In recent years, there has been a progressive trend towards less invasive technologies for detecting metastatic cancer and guiding therapy with the goal of lower morbidity, better outcomes, and superior cosmetic appearance than traditional methods. This mini-review examines three emerging noninvasive hybrid technologies for detecting primary cancer, metastasis and guiding thermal therapy. Real-time thermoacoustic imaging and thermometry potentially provides valuable and critical feedback for guiding focused microwave ablation therapy. Label-free photoacoustic monitoring of cancer cells is a promising clinical diagnostic and theranostic tool for detecting metastatic disease and monitoring the response to therapy. Finally, immunologically targeted gold nanoparticles combined with photoacoustic imaging is able to detect lymph node micrometastasis in mouse models of breast cancer. These emerging techniques have the potential to improve the decision to biopsy, provide more accurate prognosis, and enhance the efficacy of therapy for early and late stage cancers.

Introduction

Studies following breast cancer patients for more than 20 years report that breast conserving therapy (BCT) performed as equally well as radical mastectomy [1, 2]. Although lumpectomy followed by radiation therapy is the BCT standard of care for small tumors, such treatment is still considered aggressive, leading to severe breast asymmetry in 35% of patients and morbidity in another 14%, primarily due to bleeding or infection [3]. Surgery can also lead to life-threatening complications, particularly in patients over 70 years with comorbidities. Locally aggressive higher-stage cancer patients also benefit from BCT following neoadjuvant chemotherapy and tumor down-staging [4]. These patients receive a superior cosmetic appearance and better prognosis when combined with radiation therapy.

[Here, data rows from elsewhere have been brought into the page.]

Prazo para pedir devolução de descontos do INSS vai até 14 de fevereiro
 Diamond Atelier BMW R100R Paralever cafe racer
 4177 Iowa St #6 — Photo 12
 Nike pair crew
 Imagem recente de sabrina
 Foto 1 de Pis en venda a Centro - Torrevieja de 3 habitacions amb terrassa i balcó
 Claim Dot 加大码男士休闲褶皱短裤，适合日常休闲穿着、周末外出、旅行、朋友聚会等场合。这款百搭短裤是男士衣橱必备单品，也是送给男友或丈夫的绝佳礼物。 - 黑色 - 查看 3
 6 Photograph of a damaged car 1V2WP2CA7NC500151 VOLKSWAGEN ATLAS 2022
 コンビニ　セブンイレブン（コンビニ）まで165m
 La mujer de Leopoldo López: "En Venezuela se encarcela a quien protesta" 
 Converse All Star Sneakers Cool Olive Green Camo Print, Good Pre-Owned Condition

For later-stage cancers, including those involving metastasis, there is also emerging evidence that surgery and radical mastectomy diminish activity of natural killer cells and cytotoxicity of lymphocytes [5, 6]. These studies further suggest that preserving healthy tissue while destroying the tumor may help protect against recurrence and/or distant metastasis. Despite the reported benefits of BCT, current protocols still require invasive surgery, and there is still a need for less invasive strategies to treat localized breast cancer and preserve as much breast tissue as possible, while minimizing chances of metastasis. Consequently, there has been a progressive trend towards minimally or noninvasive methods with lower morbidity and better cosmetic appearance for treating breast and other types of solid tumor cancers. This report will describe three emerging and less invasive approaches that exploit light, ultrasound, and/or microwaves to guide and treat cancer and detect metastasis.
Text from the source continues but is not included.